■ 『[よのなか]教科書 国語 心に届く日本語』 コミュニケーションするチカラ (2003.4.14)

4月は新学期の始まり。東京都 杉並区の区立中学校では、元リクルート営業部長藤原和博さんが校長に就任した。「学校は大人になるための技術や知識を身につける場所」と挨拶。

藤原さんが、教育に本格的に取り組み始めたのは98年春、中学生の公民の教科書を手にしたのがきっかけ。「世の中の仕組みを、あまりにもつまらなく説明している」と。社会学者と協力してハンバーガー店の適地選びやコスト計算など身近な題材を使った「人生の教科書[よのなか]」を作り、都内の中学で特別授業もした。本書は、そのシリーズのひとつ「国語」。

[よのなか]で最も必要とされる国語力とは、自分の意見を表現する力――「コミュニケーションするチカラ」である。従来とは別の視点でコミュニケーション力を復興させたいという。美しい日本語や漢字のボキャブラリーではなく、あくまでも「技術」だと。

いかにもバリバリの企業出身者らしく、第一のテーマは、表現法のトレーニングである。たとえば、講座@は「自己紹介はドラマチックに」とある。朝日新聞の連載漫画 「ののちゃん」を題材に、起承転結を学ぶ。以下、講座A「他人の気持ちを知る――”毒虫”になってみる」、「講座B 比喩を使いこなす――感情を歌詞で表現する」と続く。副題ユニークであり、とても従来の教科書とは比べられない。

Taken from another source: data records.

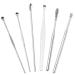 Xinsany 6Pcs/Set Ear Wax Remover Pickers Stainless Steel Earpick Curette Pick Cleaner Spoon Care Clean Silver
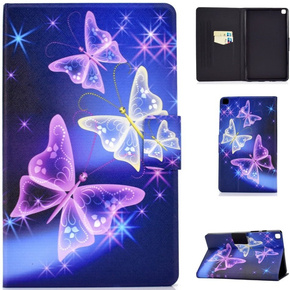 Huse pentru Samsung Galaxy Tab A7 10.4 2020 T500 T505, butterflies, violet
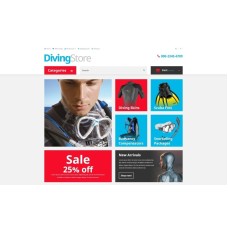 Diving Shop OpenCart Template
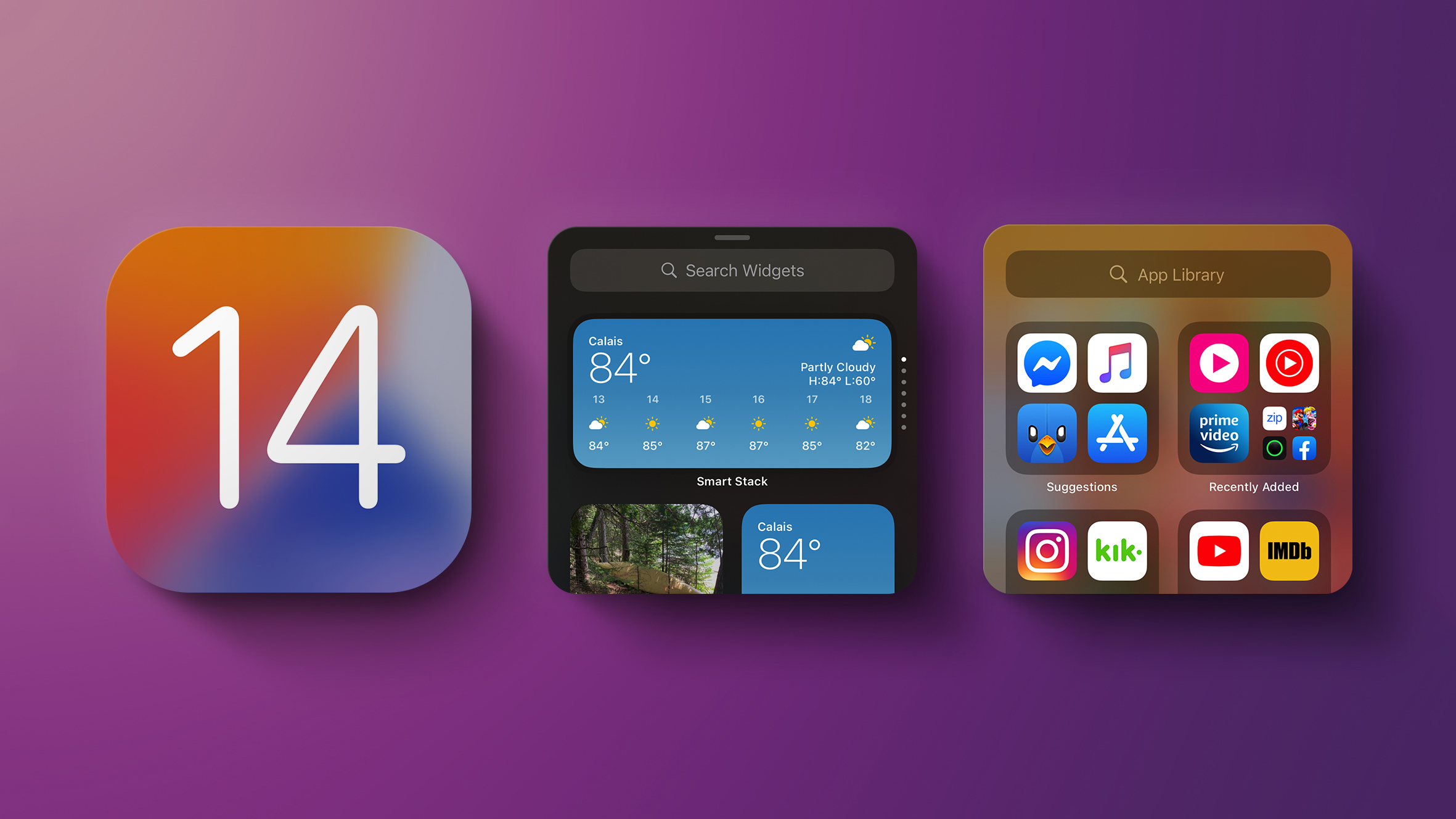 iOS 14 Home Screen Changes: App Library, Widgets, Hiding Apps and More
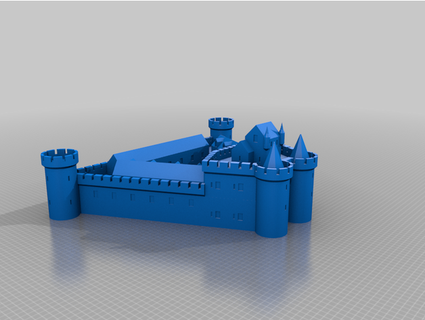 caerlaverock Schloss dumfriesshire Schottland sinfern98 3d print model - Mito3D
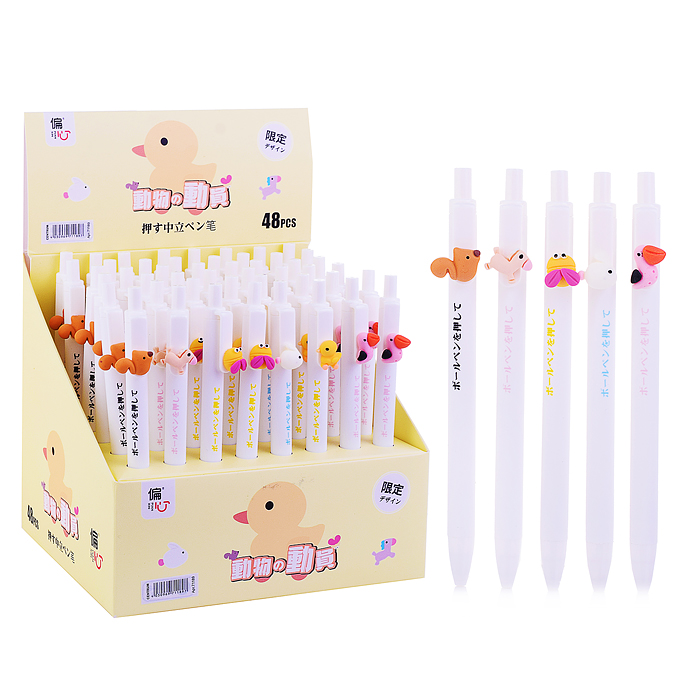 Ручка шариковая автоматическая "Утки" цвет чернил синий, 0.5 мм, в шоубоксе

講座Dは「ものごとを立体的に組み立てる」。ここでは、2つより3つで考えろ、という。まず「2つの対になる要素を考え、そこにもう1つ何かを加えることで意味付けを変化させてゆく」のだ。藤原さんも、企画書を書くときには、セールスポイントを必ず3つは考えるようにしている。3つ目を考え出す努力が頭を活性化させると。

具体的な表現を重視する姿勢には同感である。”気持ち悪い”ことを”気持ち悪い”と言わないで、具体的な事実で語る訓練が大切だと。感想を述べる前に、感想の前提としての「語るべき事実」が必要。この訓練は、入試や就職での小論文、面接、はては社会人になってからゴマンと書かされる報告書や企画書やメールの技術に生きてくると。


◆『[よのなか]教科書 国語 心に届く日本語』 藤原和博・重松清・橋本治、新潮社、2003/1

◆藤原和博 (ふじはら・かずひろ) 1955年、東京生まれ。[よのなか]教科書シリーズの発案者。身近な出来事を題材とした『人生の教科書[よのなか]』、『人生の教科書[ルール]』(共に筑摩書房)を刊行し、教育界の注目を集める。中学生から大人まで、人生を切り開いていくのに必要かつ本質的な内容を吟味し凝縮している。リクルート社フェローを経て、現在、杉並区教育委員会参与(教育改革担当)。2003年4月から杉並区の公立中学校に民間から初の校長として就任。